Gaaiho Reader is a lightweight and feature-packed PDF reader for Windows.
The program opens with a more cluttered interface than Adobe Reader – menus, buttons, sidebars – but basic viewing remains very straightforward.
Drag and drop a file, scroll through it as usual, and you can use page thumbnails or bookmarks to jump directly to whatever section you need.
A handy split-screen viewing option enables splitting the client window horizontally, vertically or into four panes, useful for viewing different parts of the current document at once.
The Search tools are excellent. The basic Find dialog works like any other – Ctrl+F, type text, press Enter to find it – but that’s just the start.
There’s also a full-strength Search box which can scan the current document, some or all files for single words or phrases, multiple words or phrases, predefined patterns (email addresses, phone numbers, credit card numbers, more) or custom masks of your own.
Gaaiho Reader has a very complete set of annotation tools. You can highlight lines of text or an entire block, cross out or underline items, insert or replace text, even use the Search dialog to locate and mark up every instance of your search terms.
You can also add text boxes, notes, callouts, stamps and more, usually with a little more functionality than the Adobe Reader equivalent. Select the Text Box tool, say, and you can set the font, size, colour, style and alignment, as well as entering the text.

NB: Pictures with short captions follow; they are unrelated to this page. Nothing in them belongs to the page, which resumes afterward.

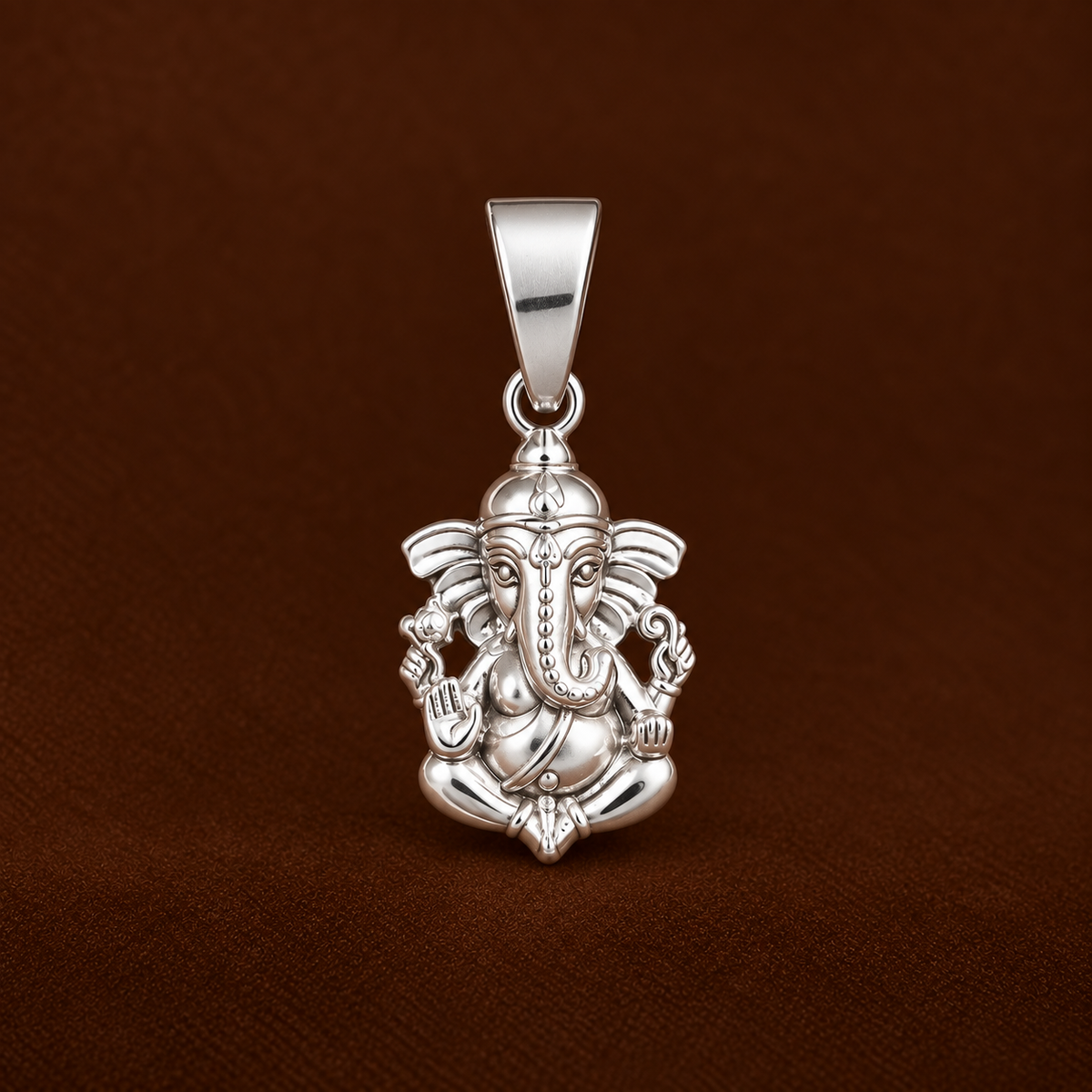 VIRAL Ganesh Locket in Pure Silver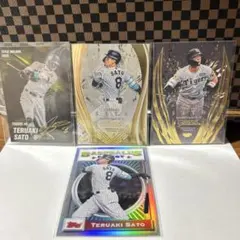 阪神　佐藤輝明 BBM GENESIS Topps カルビー 4枚セット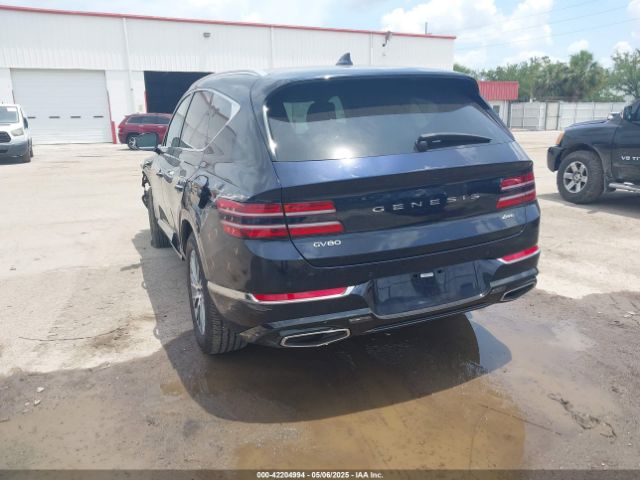 KMUHBDSB8RU204289 Genesis Gv80 2.5t Awd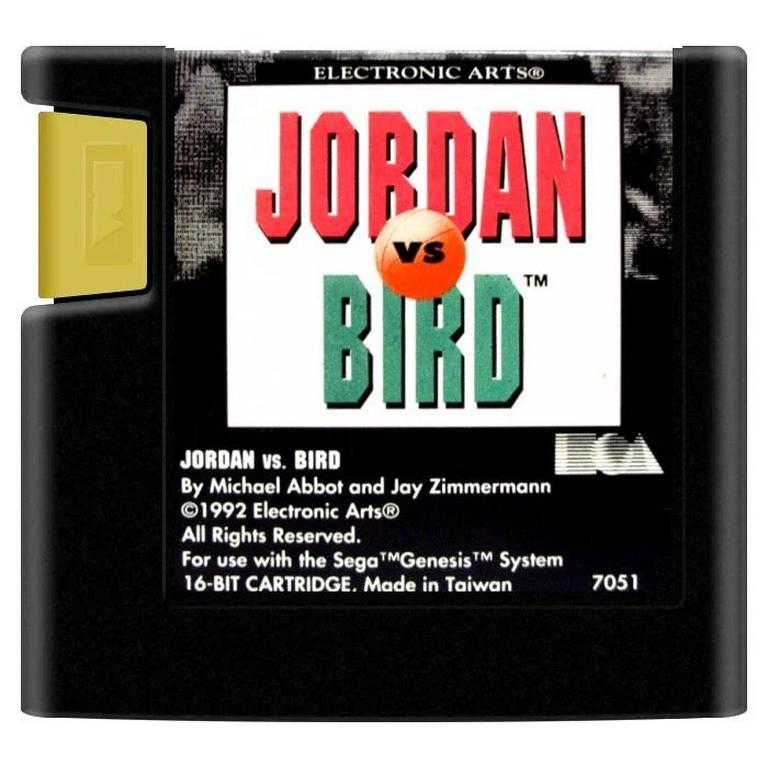 Jordan vs Bird: One-On-One - Sega Genesis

It’s a similar story elsewhere. Some PDF readers display comments and allow you to edit or add them individually; Gaaiho Reader can also search, import or export them, migrate comments (move them from one file to another), or produce a summary report.
There are also tools you might not expect at all. A PDF Manager to find and browse all the PDFs on your system; a touch mode for touch-friendly devices; integrated online PDF conversion to Word, images and more.
Despite all the power, we also found Gaaiho used significantly less RAM than Adobe Reader when viewing any of our test documents.
It’s not all good news. Development is slow – the October 2016 release listed Windows 10 support as a new feature – and the program is sometimes lacking in fine control. Adobe Reader allows restrictions over JavaScript execution privileges and has its own global object security policy, for instance: Gaaiho Reader can only turn JavaScript on or off, and even that feature didn’t arrive until the very latest version.
Performance isn’t always up to Adobe Reader standards, either. We found Gaaiho could take up to twice as long to scroll through a complete document.
Despite that, Gaaiho Reader’s features and functionality make it a likeable product, and if you’re not happy with your current PDF reader it’s worth a look.
Gaaiho Reader is a free PDF reader for Windows 7 and later.